__Brief descriptive captions__.
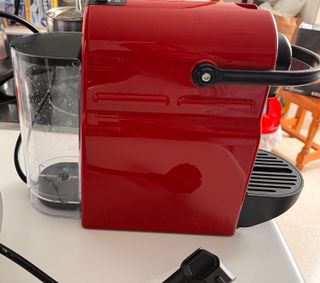 Cafetera Nespresso Krups Inissia Roja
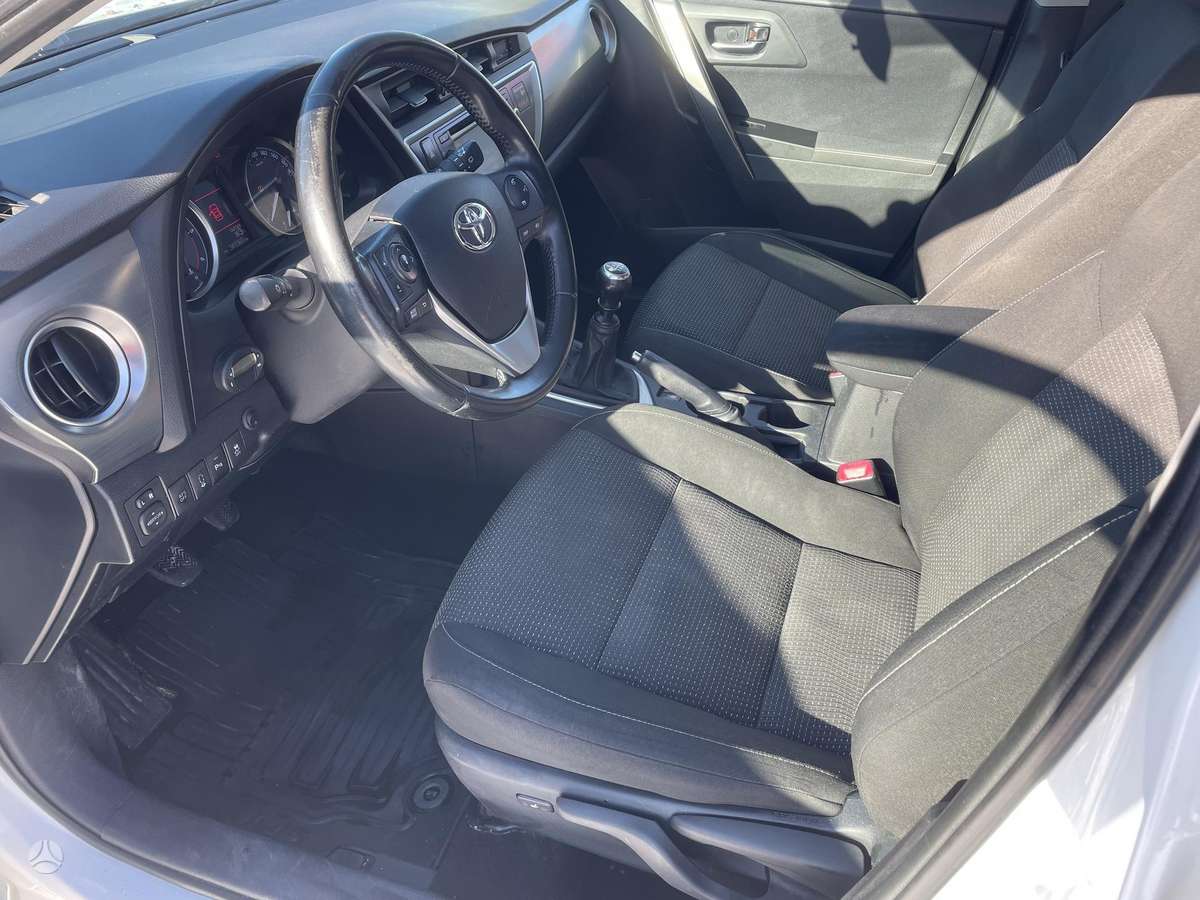Toyota Auris - 10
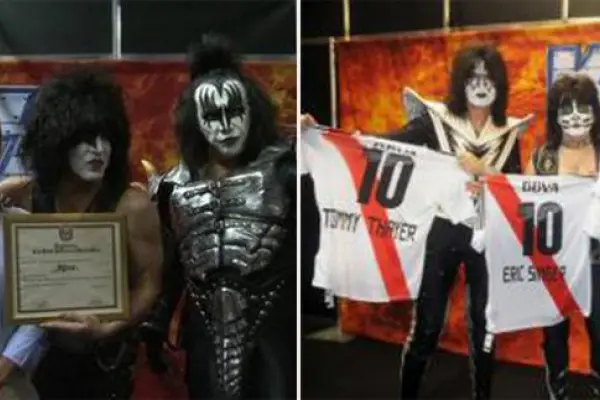 Kiss y dos fotos para el recuerdo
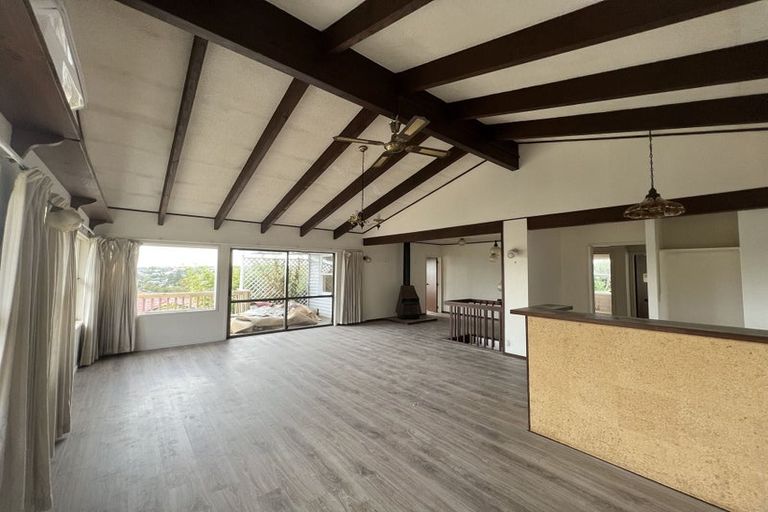 Photo of property in 61 Lyons Avenue, Murrays Bay, Auckland, 0630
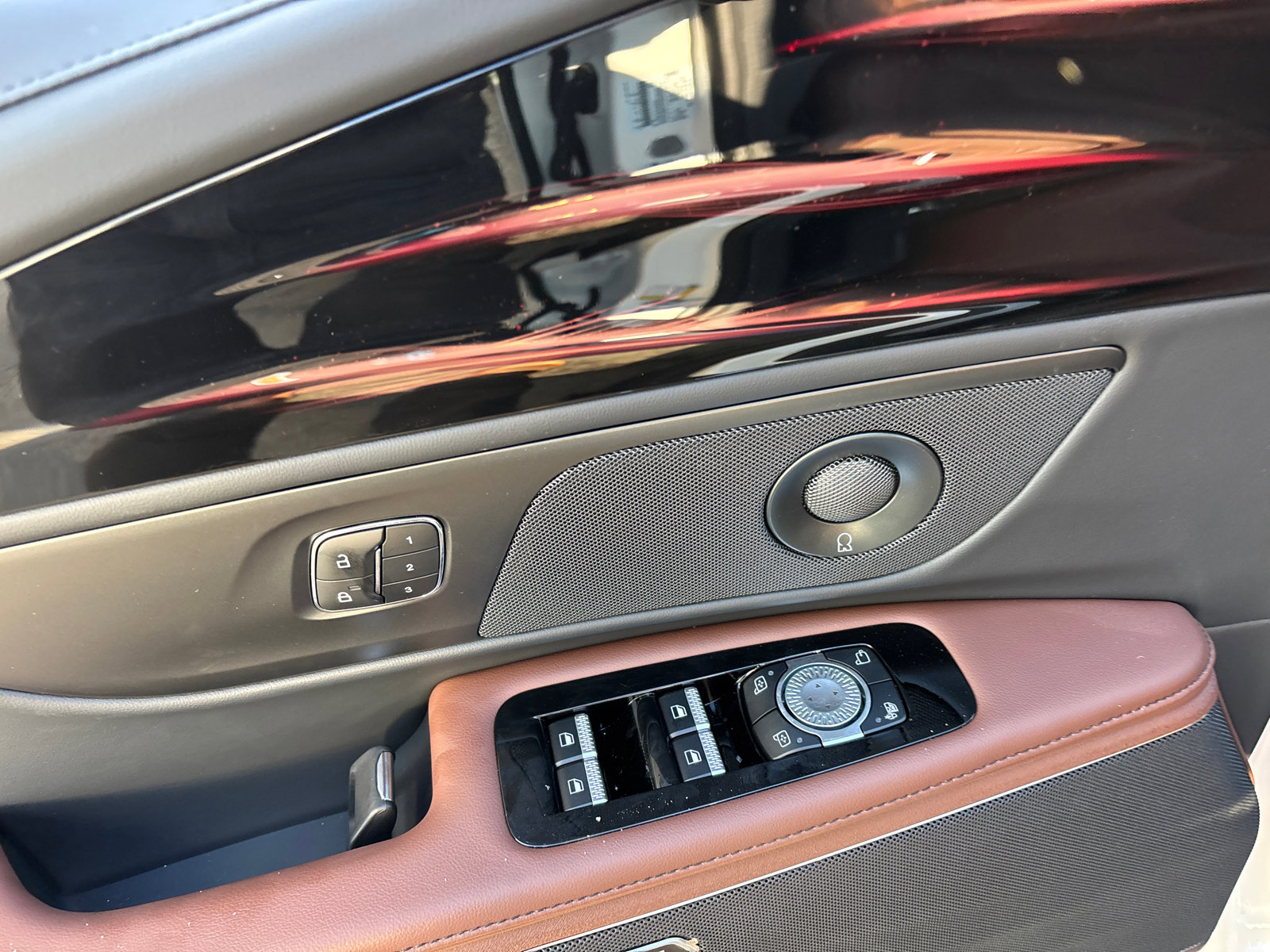 New 2026 Lincoln Nautilus Reserve w/ Jet Appearance Package AWD/4WD image 12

__Problem details__.
Beginning with the line that contains "Toyota Auris - 10", repeat every remaining line of the data exactly, the last line included, and omit pictures.

__Solution below__.
Toyota Auris - 10
 Kiss y dos fotos para el recuerdo
 Photo of property in 61 Lyons Avenue, Murrays Bay, Auckland, 0630
 New 2026 Lincoln Nautilus Reserve w/ Jet Appearance Package AWD/4WD image 12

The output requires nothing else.